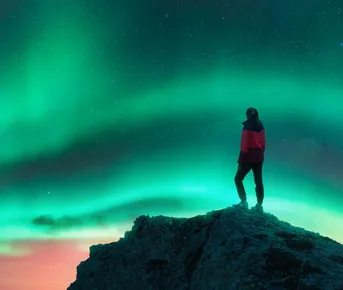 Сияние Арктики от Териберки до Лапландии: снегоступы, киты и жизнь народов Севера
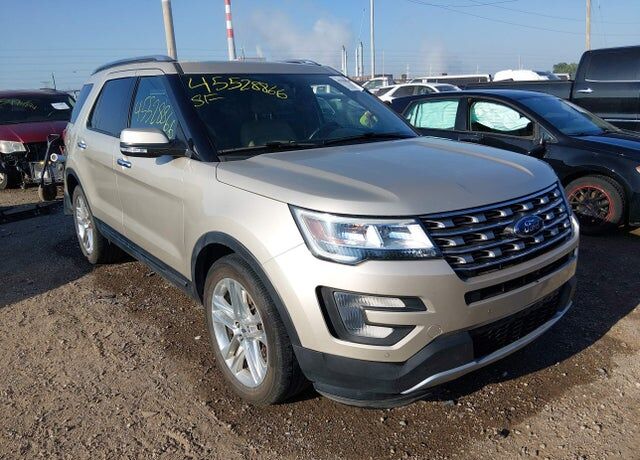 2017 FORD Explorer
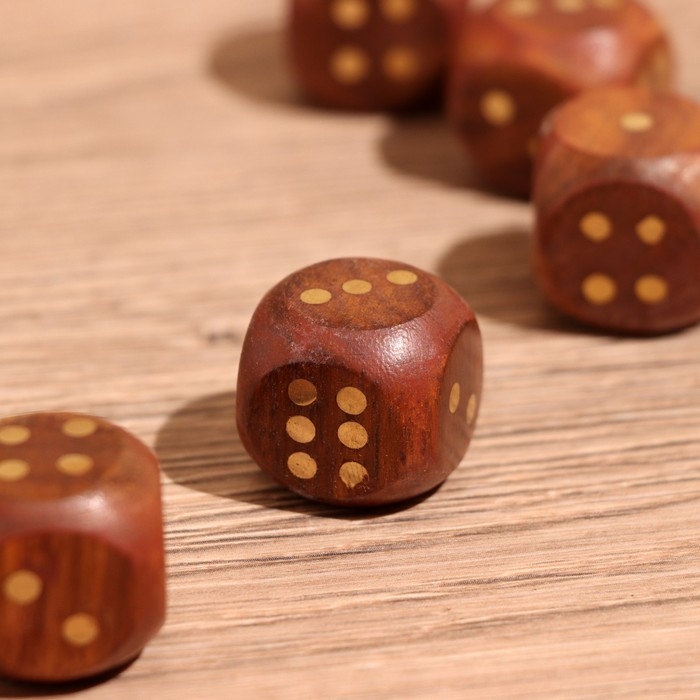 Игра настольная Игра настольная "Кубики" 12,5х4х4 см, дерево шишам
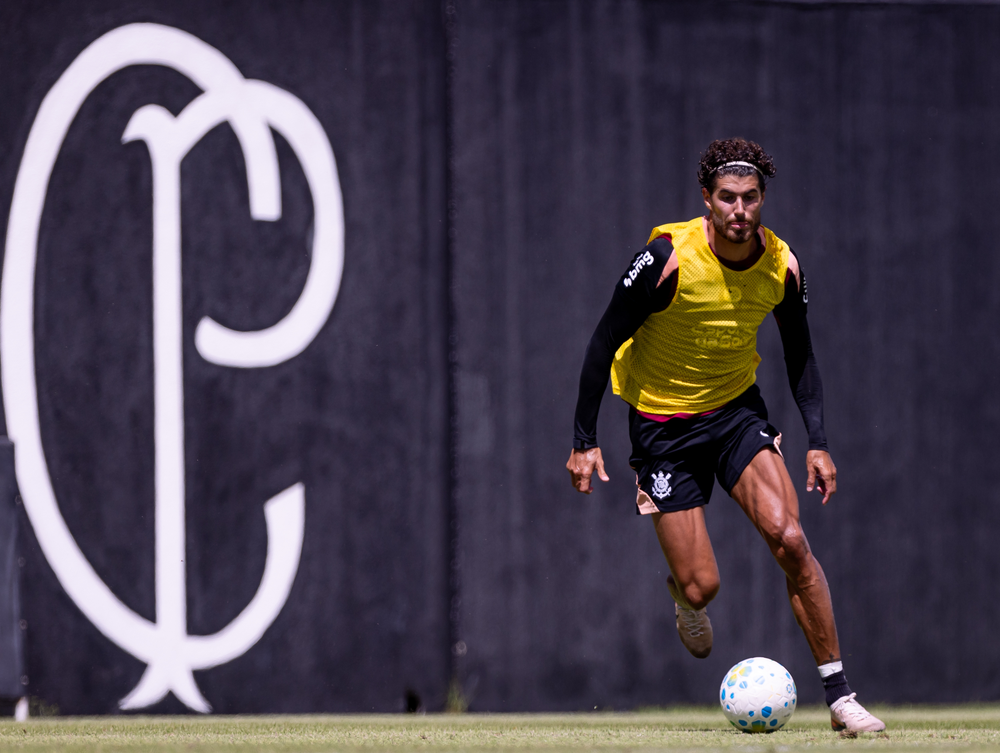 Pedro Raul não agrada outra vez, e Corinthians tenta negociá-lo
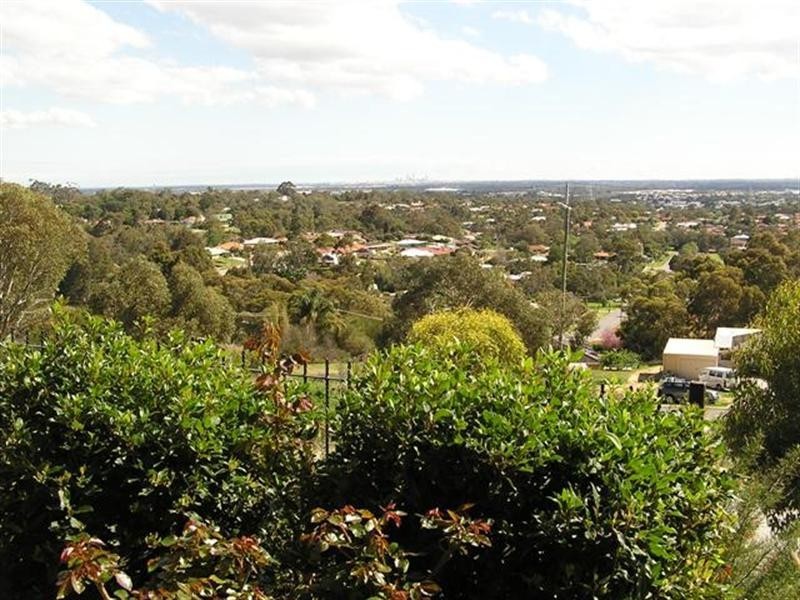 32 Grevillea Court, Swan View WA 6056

Prompt: What you return should be all of the material above, exactly, and none of its pictures.

Solution below:
 Сияние Арктики от Териберки до Лапландии: снегоступы, киты и жизнь народов Севера
 2017 FORD Explorer
 Игра настольная Игра настольная "Кубики" 12,5х4х4 см, дерево шишам
 Pedro Raul não agrada outra vez, e Corinthians tenta negociá-lo
 32 Grevillea Court, Swan View WA 6056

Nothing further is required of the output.